– Yahoo7 Combined 10% More Traffic than Previously (Ben Barren: “…[Y!7 users] demand is insatiable – they need more product than can be provided by Yahoo7. And they need more filtering and aggregation tools.”)
– What do we do with ‘social media’? (Tom Coates: “The age of social media then is probably about a fusing of these two ways of thinking – the communicative and the publishing/creative parts of the internet – into something new and powerful.”)
– Harnessing the content flow (Dan Farber: “Traditional media corporations won’t roll over and die. The smart ones will apply themselves to facilitating, filtering and compensating the mass of content producers.”)

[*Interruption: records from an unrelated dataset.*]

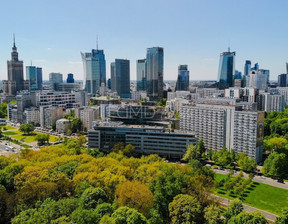 Mieszkanie na sprzedaż, Warszawa Śródmieście, 799 000 zł, 38,8 m2, 602/11864/OMS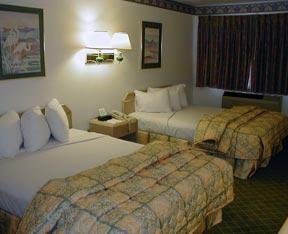 Hotel Quality Inn & Suites Gallup
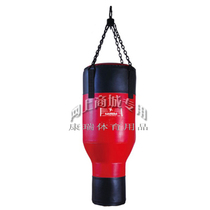 KH618 special-shaped sandbags on the thick and lower fine boxing Muay Thai scattered solid sandbag accessories full hook special Kang Rui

– Big Shifts In Internet Usage (Om Malik digs into the latest comscore data, showing that “MySpace is the fastest growing property on the Internet, perhaps in Internet history and traffic now exceeds all but Yahoo.”)
– The State of Web 2.0 (it’s interesting for me to see the ‘Live Web’ competing quite well with the term ‘Web 2.0’ these days… nevertheless, whatever you call it, Dion’s piece is a good overview and I especially liked this prediction: “People will focus much more on using the ideas and ignoring the Web 2.0 hypesters more often.”)
– Dan Farber thinks the Google Web Office is over-hyped (he points out that business apps need “more reliable bandwidth and grids, software infrastructure that meets corporate and regulatory requirements and major mindset changes” — very true, it’s why I forsee Web Office as a long-term proposition, not short term)
– Microsoft aims to take the desktop ‘Live’ (“Microsoft started testing Windows Live Mail Desktop this week.” — it will let people manage their webmail offline without accessing a Web-based server.)
– Ray Ozzie on Live Clipboard (Microsoft CTO updates progress on his blog re his “wiring the Web” initiatives – encouraging words about microformats too)
– A Structured (Blogging) Approach to Knowledge Management (interesting thoughts: “Knowledge artifacts correspond to microcontent definitions.”)
– 37Signals PDF book selling well (after 30 days they’ve sold roughly 5750 copies of Getting Real, reeling in $120k of revenue. Excellent work by 37Signals – now I’m waiting for them to provide an ebook software system for the rest of us!)